By the end, I was faced head-on with my personal weaknesses—I was forced to confront them, replace them with good habits, and now I better understand how to communicate with developers. This came with consistent reflection and documentation of my own self-discoveries.
The general topics covered are data manipulation with sets and dictionaries, 2D Animations, Efficiency, Object-Oriented-Programming, and Recursion. But the most value comes from the self reflection and willingness to change your habits along the way.
Consistently reflecting and documenting your progress towards your course goals and your own growth, materializes the gains. Taking 112 will make you feel capable of devising your own logistical approaches and algorithms to solve problems.

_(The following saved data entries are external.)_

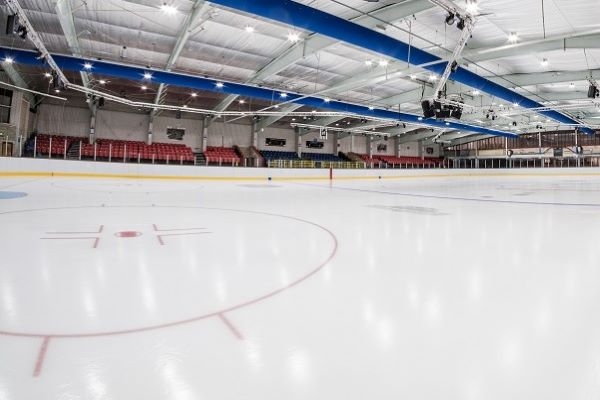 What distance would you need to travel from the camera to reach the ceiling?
9547 mm

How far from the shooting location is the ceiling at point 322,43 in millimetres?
9547

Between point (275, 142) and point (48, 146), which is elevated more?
point (275, 142)

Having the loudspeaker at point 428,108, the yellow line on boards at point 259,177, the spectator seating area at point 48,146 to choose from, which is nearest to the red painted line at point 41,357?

This is because of the Term Project. Over summer, it’s a 1-week sprint to develop an app you design yourself. Putting thought and care into this final is well worth it, as creating an unguided project start to finish brings you confidence and helps you discover your own approaches to problems.
Asking for help was always an immense battle for me. I’d often irrationally felt like a burden for doing so—but 112 made me realize how bad it had gotten. To succeed in this course you have to unapologetically ask every question—even if you don’t know where to begin. Keep a backlog of your questions and spend time in OH. Collaborate. Staying stuck and brute-forcing is a waste of your emotional energy. As someone who tries to do absolutely everything themselves, 112 made recognizing when I need help obvious, and easier to understand I can and should ask for it. Asking for help means being honest with yourself ( and to your friends, and family, and teams ).

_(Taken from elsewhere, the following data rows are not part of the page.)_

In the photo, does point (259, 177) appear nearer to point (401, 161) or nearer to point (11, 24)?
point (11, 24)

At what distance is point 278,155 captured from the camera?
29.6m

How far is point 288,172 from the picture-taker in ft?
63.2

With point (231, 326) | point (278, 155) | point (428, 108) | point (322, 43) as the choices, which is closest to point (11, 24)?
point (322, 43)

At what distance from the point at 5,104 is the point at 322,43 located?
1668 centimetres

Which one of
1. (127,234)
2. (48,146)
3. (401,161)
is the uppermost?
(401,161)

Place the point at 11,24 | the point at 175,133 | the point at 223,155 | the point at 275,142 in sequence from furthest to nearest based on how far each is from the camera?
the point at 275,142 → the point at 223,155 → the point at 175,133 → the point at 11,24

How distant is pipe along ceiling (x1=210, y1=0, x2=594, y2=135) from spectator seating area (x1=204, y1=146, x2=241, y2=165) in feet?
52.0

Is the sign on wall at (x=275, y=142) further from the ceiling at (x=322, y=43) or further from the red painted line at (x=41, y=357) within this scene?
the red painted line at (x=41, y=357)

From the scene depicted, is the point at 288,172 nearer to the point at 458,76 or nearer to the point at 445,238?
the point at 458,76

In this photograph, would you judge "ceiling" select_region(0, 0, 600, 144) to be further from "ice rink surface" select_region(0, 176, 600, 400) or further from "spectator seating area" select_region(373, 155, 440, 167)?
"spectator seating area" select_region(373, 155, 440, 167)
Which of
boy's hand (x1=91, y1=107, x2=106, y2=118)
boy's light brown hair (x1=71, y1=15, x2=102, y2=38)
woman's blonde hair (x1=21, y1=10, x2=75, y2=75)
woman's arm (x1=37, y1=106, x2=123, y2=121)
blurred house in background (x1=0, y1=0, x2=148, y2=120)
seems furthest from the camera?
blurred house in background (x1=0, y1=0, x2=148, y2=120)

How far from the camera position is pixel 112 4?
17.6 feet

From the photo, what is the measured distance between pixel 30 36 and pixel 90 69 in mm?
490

Due to the pace of the course, 112’s tight deadlines brutally reveals YOUR most effective process of problem-solving and time-management. For me, that was drawing. Writing out pseudocode and code-tracing physically is incredibly important, but I found myself having to visually map out how my algorithms function during my Term Project, too. I found using Notion databases great for tracking feature prioritization and progress to reach my term project MVP.

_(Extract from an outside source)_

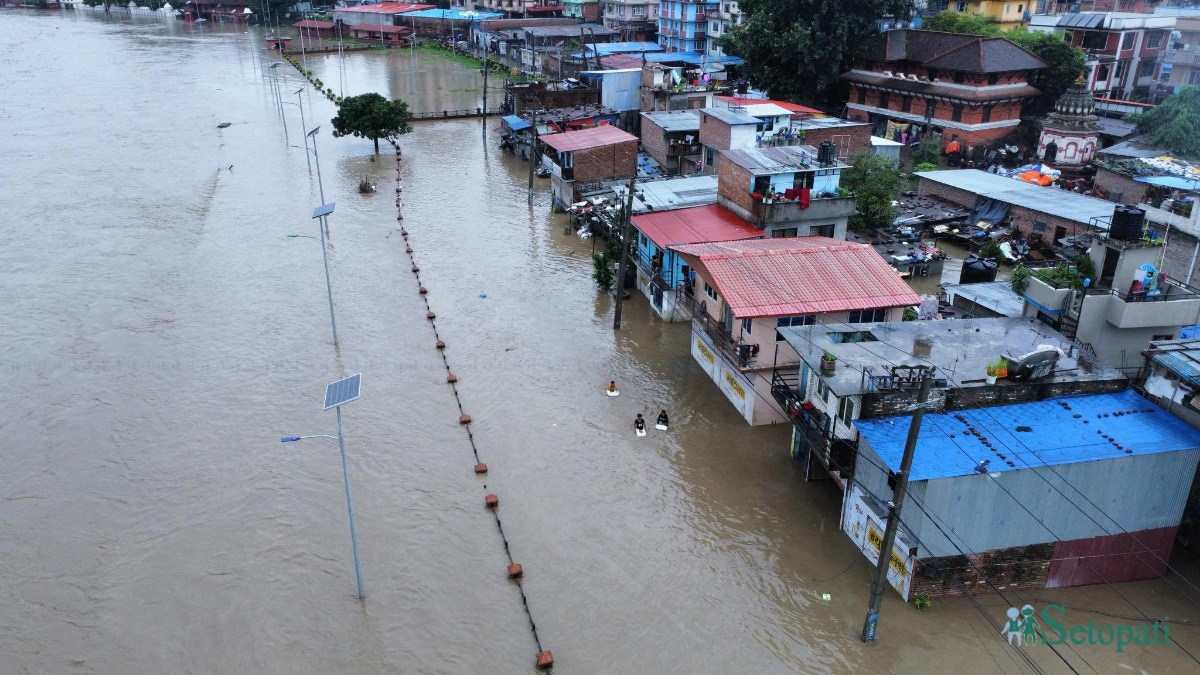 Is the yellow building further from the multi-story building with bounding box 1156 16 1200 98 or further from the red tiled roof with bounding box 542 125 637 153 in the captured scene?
the red tiled roof with bounding box 542 125 637 153

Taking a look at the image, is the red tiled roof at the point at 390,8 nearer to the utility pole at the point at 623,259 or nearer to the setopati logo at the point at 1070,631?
the utility pole at the point at 623,259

This course will teach you how to turn your brain off. This can be dangerous. You can get really sad. But with care, it allows you to think “less but better.” (to quote Dieter Rams)
What do I mean by this?
When you need to learn everything up to OOP and Recursion in 6 weeks, you can’t dwell on the mundane. Spending 20 minutes just trying to decide what you’re going to do that day or procrastinating on chores only hurts you. But by being more decisive, accepting that if a choice was wrong you can simply learn from it—it frees your mind from stressing over small things and you’re more capable to handle the more challenging parts of life. This is thinking “less but better.”